ARCIPELAGO PUTIN

L’ombra dei rapporti ambigui con la Russia di Putin inseguirà Donald Trump per tutta la durata del suo mandato, se non addirittura ne segnerà la carriera politica in caso di procedura di impeachment. In questi giorni, il New York Times ha rivelato che l’FBI attraverso il suo controspionaggio avrebbe indagato sulla vicenda subito dopo il licenziamento del direttore James Comey avvenuta nel maggio 2017.

Il sospetto è che, con l’allontanamento di Comey, il Presidente abbia voluto bloccare ogni ulteriore indagine sulle presunte interferenze russe nel voto presidenziale del 2016. Una vicenda da spy-story che Craig Unger ha racchiuso in un libro avvincente Casa di Trump, casa di PutinLa storia segreta di Donald Trump e della mafia russa– (edito da La nave di Teseo). La tesi di Unger viene esplicitata fin dalla prima pagina: Trump è l’uomo di Putin alla Casa Bianca.

L’excursus dell’autore parte da lontano. Trump sarebbe stato compromesso dai russi quand’erano ancora sovietici. Si rievocano i primi contatti d’affari risalenti addirittura al 1986 e avvenuti nella Trump Tower, per proseguire con la trasferta a Mosca dell’anno successivo nel corso della quale è altamente probabile che il futuro presidente degli Stati Uniti sia stato spiato dal KGB e scovato in attività imbarazzanti.

Insomma, Trump sarebbe stato lo strumento per consentire l’espansione russa su scala mondiale, spingendosi nell’area occidentale impenetrabile quando c’era ancora la divisione in blocchi. Putin ha definito il crollo dell’Unione Sovietica “la più grande catastrofe geopolitica del ventesimo secolo”.

Quella che poteva sembrare una dichiarazione nostalgica non era niente altro che l’affermazione convinta della nuova strategia imperialista della Russia che si è concretizzata nell’appoggio ai partiti di estrema destra con l’obiettivo di destabilizzare diversi Paesi europei o di condizionare l’esito del referendum inglese sulla permanenza o meno nell’Unione Europea. Il tutto dopo aver provocato un esodo epocale di profughi dalla Siria creando così le premesse per un’emergenza che ha fomentato tutti i gruppi sovranisti e le loro politiche anti immigrati. Questo, unitamente alla diffusione delle ormai famose fake news e alla guerra cibernetica, ha indebolito l’Unione Europea e ha portato a conseguenze catastrofiche, tipo appunto la Brexit.

Il libro descrive quella di Putin come una cleptocrazia basata su questa perversa commistione tra malavita organizzata e servizi segreti (il libro è dedicato alle decine di giornalisti, investigatori e dissidenti coinvolti in queste indagini e che hanno perso la vita).
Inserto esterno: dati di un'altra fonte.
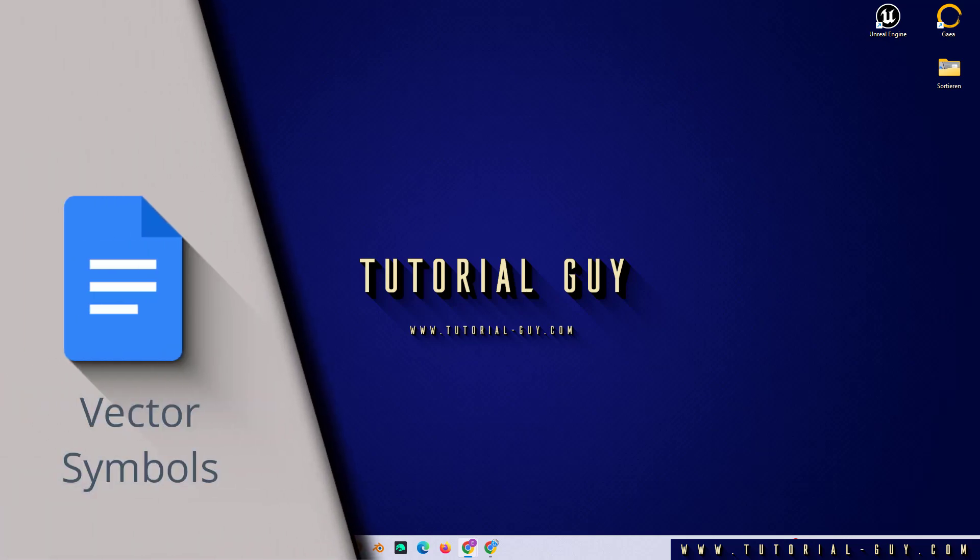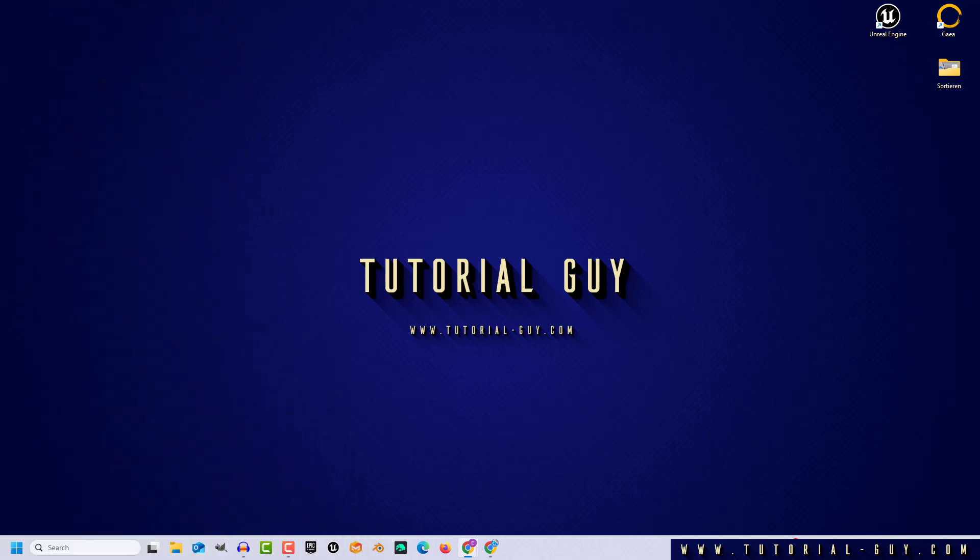Hello everyone and welcome to a quick Google Docs tutorial. In today's video, I want to show you how to insert a vector symbol in Google Docs. This is actually quite simple.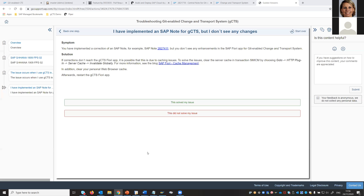On running classical CTS and GCTS in parallel: yes, possible. The choice of which transport request goes to Git vs. classical CTS is determined by the transport layer. On the HTTPS question: GCTS should use HTTPS, not HTTP — HTTPS is standard and should always be used. SSL configuration can be done for all connections.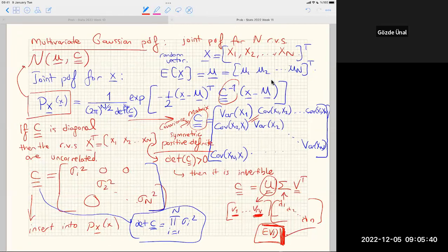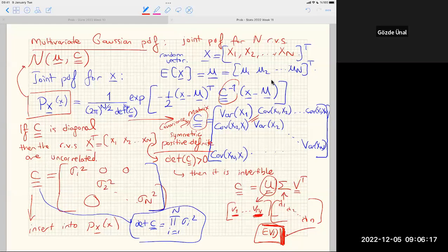Recall: correlation does not imply causation. There is no causal relation. For example, chocolate consumption and number of Nobel prizes per country are correlated, but this is due to other underlying factors like national wealth — not because of chocolate consumption.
Il racconto, molto simile a quello di una spy-story, è appassionante ma anche inquietante. Alla fine, Unger non riesce a risolvere l’enigma: Trump è stato o meno un burattino consapevole nelle mani di Putin? Forse solo l’indagine del procuratore speciale Mueller potrà chiarire il reale coinvolgimento nel Russiagate del Presidente americano. Intanto, la lettura dell’opera di Unger può essere molto utile per comprendere il nuovo corso della politica mondiale nell’era post-ideologica e, nel nostro piccolo (anche se il libro parla per lo più d’altro), le ragioni della deriva sovranista/populista che sta vivendo l’Italia.

Forse la guerra fredda non è mai finita o, più semplicemente, si combatte con altri mezzi.